Output the lines of the records below exactly, beginning at their first line and ending at the line with "Two actors on"; include no pictures.

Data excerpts
************
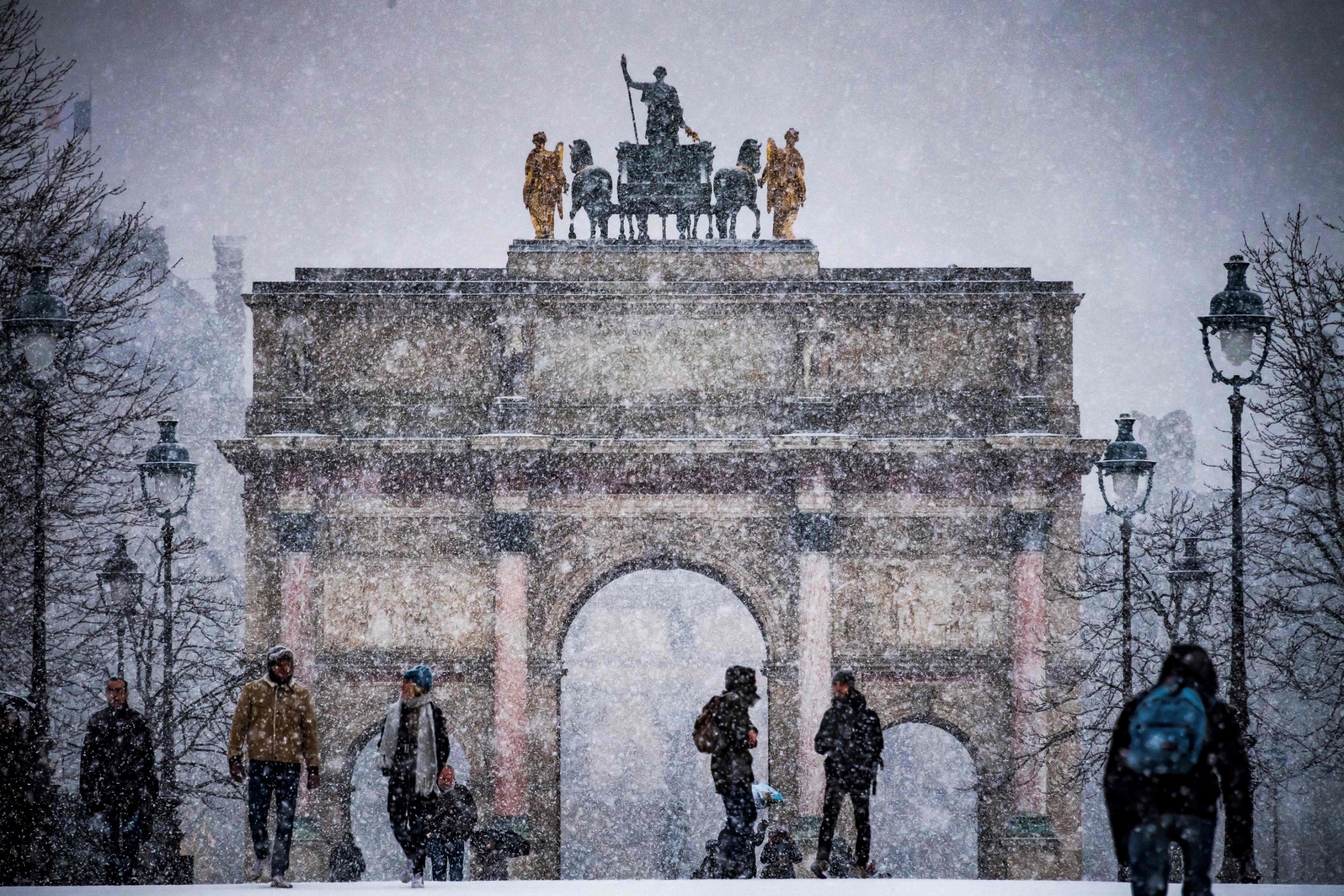 Tourists are pictured in the Tuileries garden as snow falls over Paris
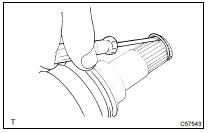 REMOVE OUTBOARD JOINT BOOT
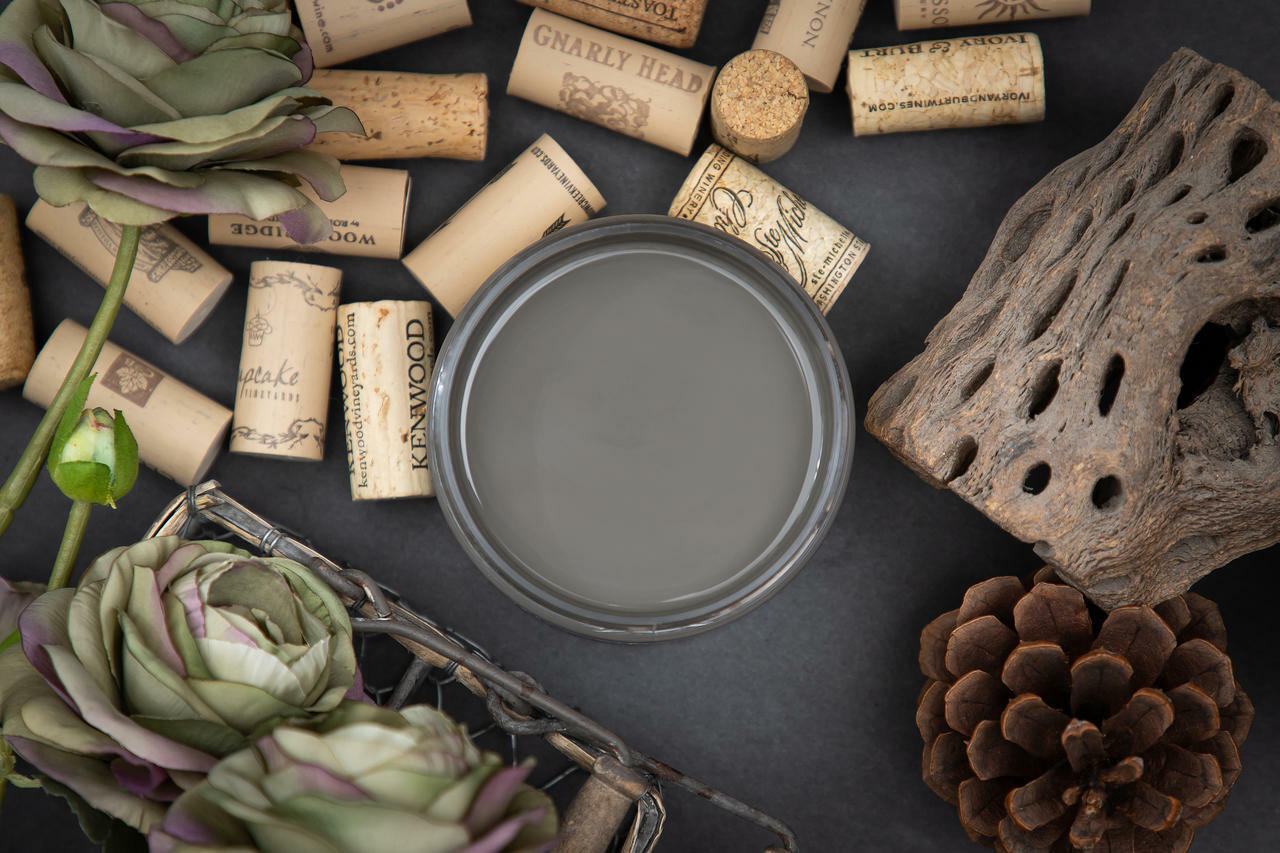 Dixie Belle Paint Gravel Road Chalk Mineral Paint is the perfect paint for any DIY project! Top view of open container of Gravel Road Chalk Mineral Paint. Staged with corks, artichokes, pinecone and driftwood.
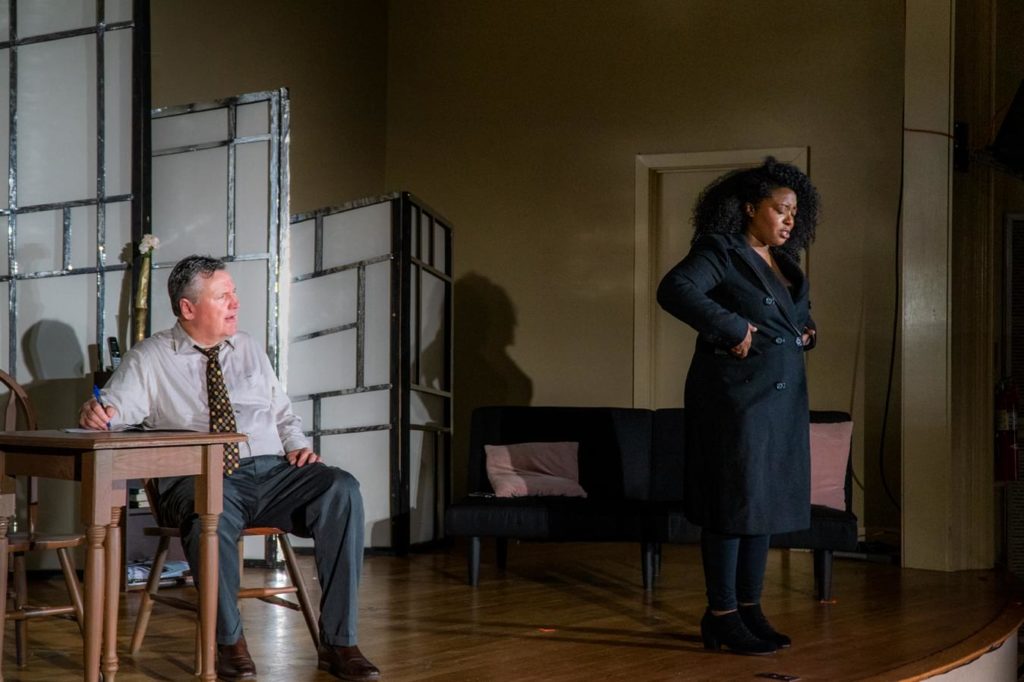 Two actors on a dimly lit sage having what looks like a difficult discussion.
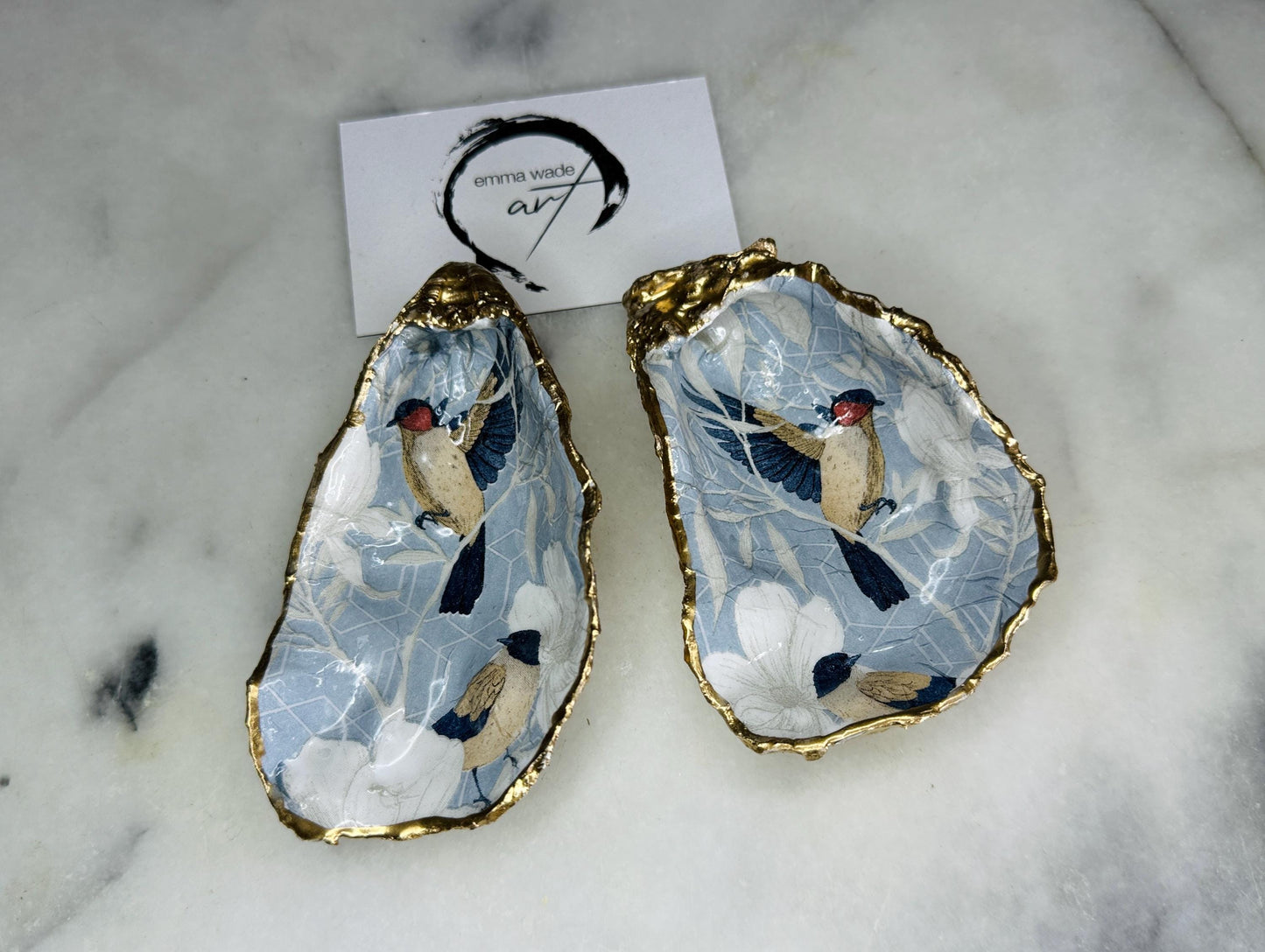 Handmade Dorset oyster shell trinket dish featuring elegant blue bird design with hand gilded gold leaf edging and glossy crystal clear resin finish, luxury coastal jewellery holder and decorative ring dish inspired by birds of paradise and coastal nature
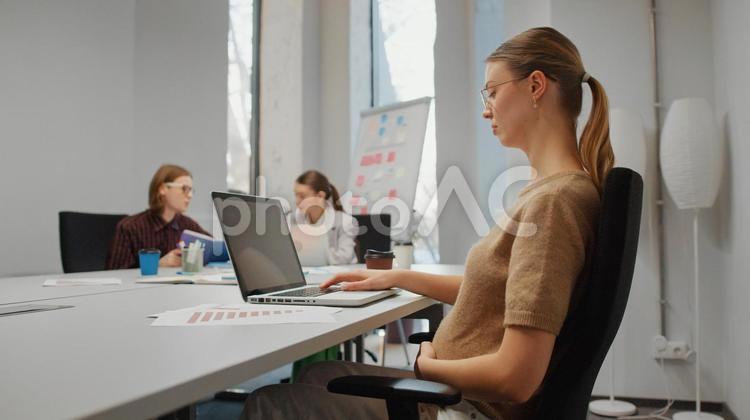オフィスでノートパソコンを使う妊娠中の女性 ビジネス,ビジネスマン,ビジネスウーマンの写真素材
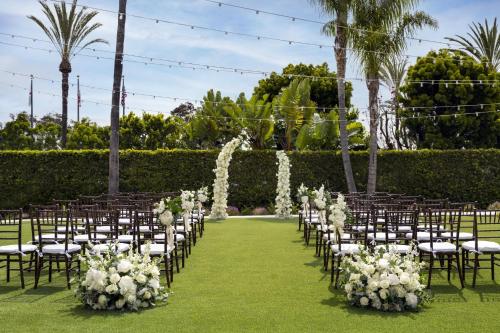 a row of chairs with white flowers on a lawn at Torrance Marriott Redondo Beach in Torrance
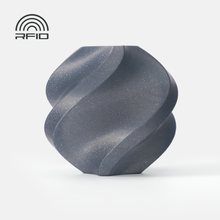A matte, speckled dark gray vase made with Bambu Lab Filament - PLA Sparkle from 3D Printing Perth - Cirrus Link stands on a white background. An RFID icon appears at the top left.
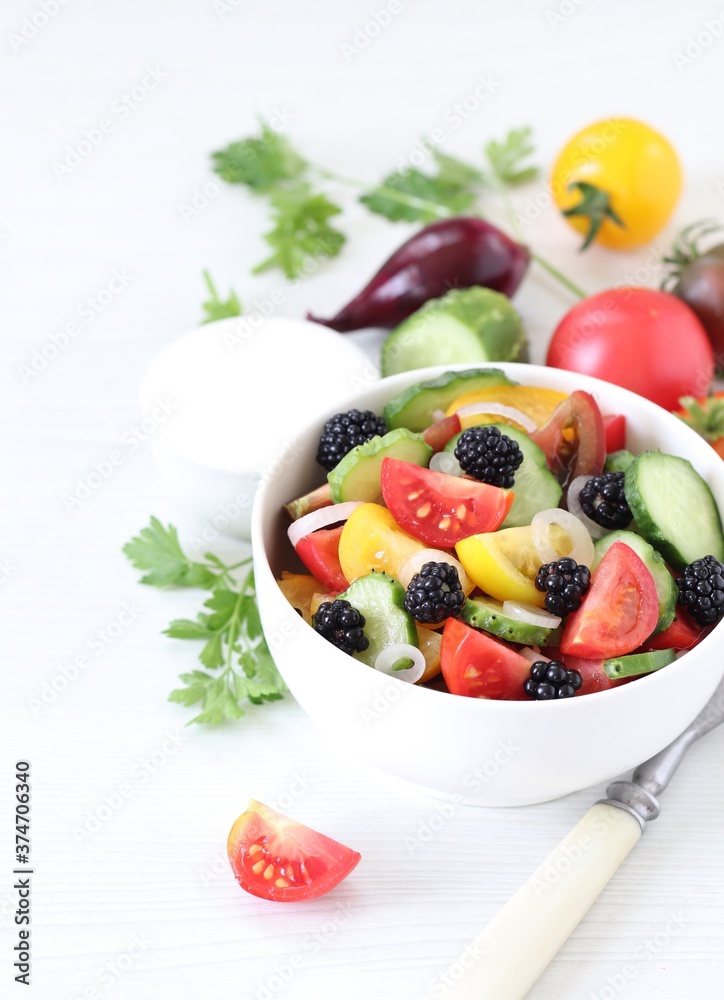Vegetable berry salad of fresh yellow, red, black tomatoes, cucumbers, onions and blackberries in a bowl on a light background
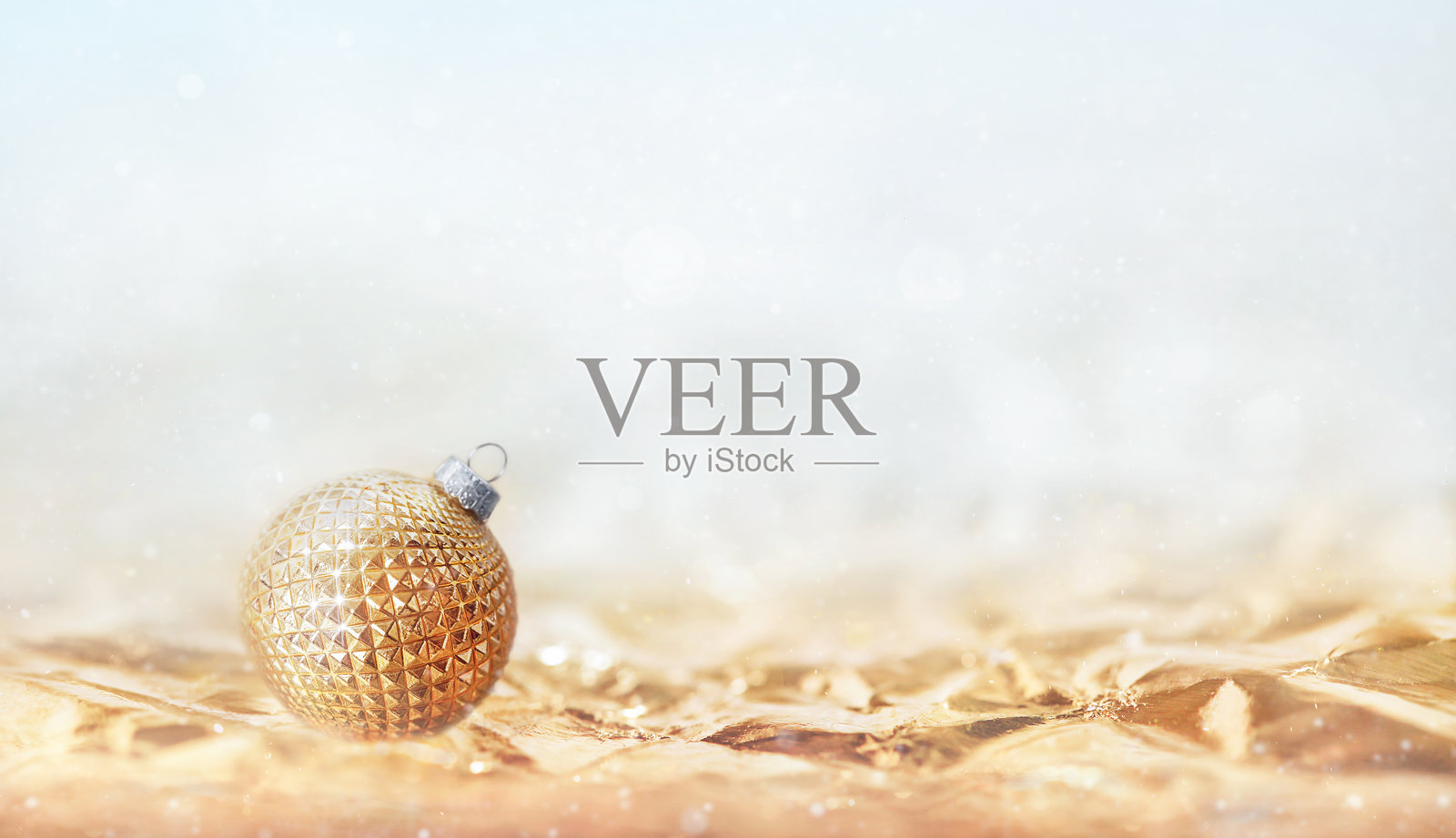 一个金色的圣诞球，带有几何图案，背景是柔和的散景，留有空白空间。照片摄影图片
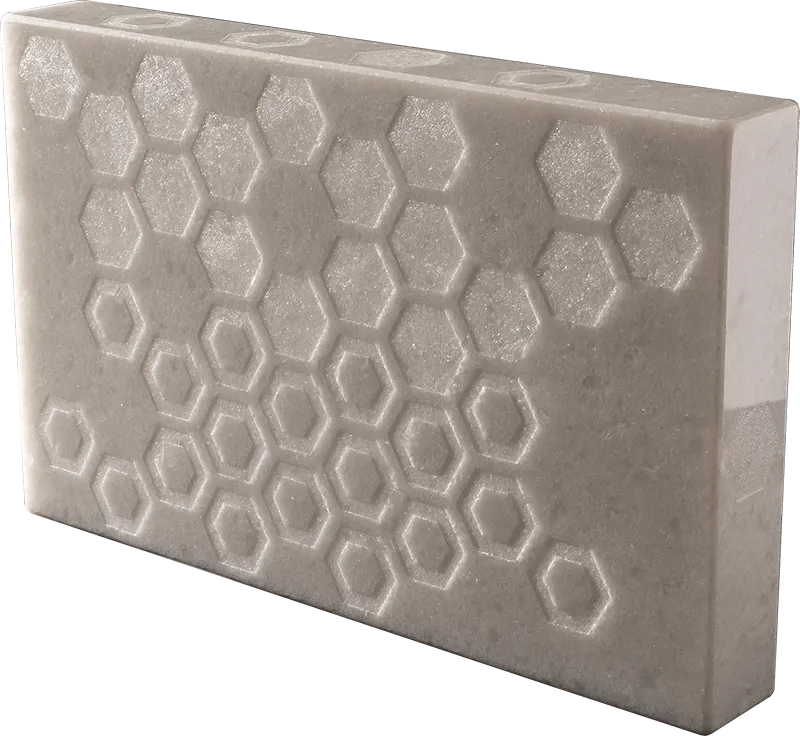 Where the Bee Sucks, natural state — hexagonal honeycomb pattern engraved in crystalline marble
************
● **RESPONSE TO THIS TASK**
 Tourists are pictured in the Tuileries garden as snow falls over Paris
 REMOVE OUTBOARD JOINT BOOT
 Dixie Belle Paint Gravel Road Chalk Mineral Paint is the perfect paint for any DIY project! Top view of open container of Gravel Road Chalk Mineral Paint. Staged with corks, artichokes, pinecone and driftwood.
 Two actors on a dimly lit sage having what looks like a difficult discussion.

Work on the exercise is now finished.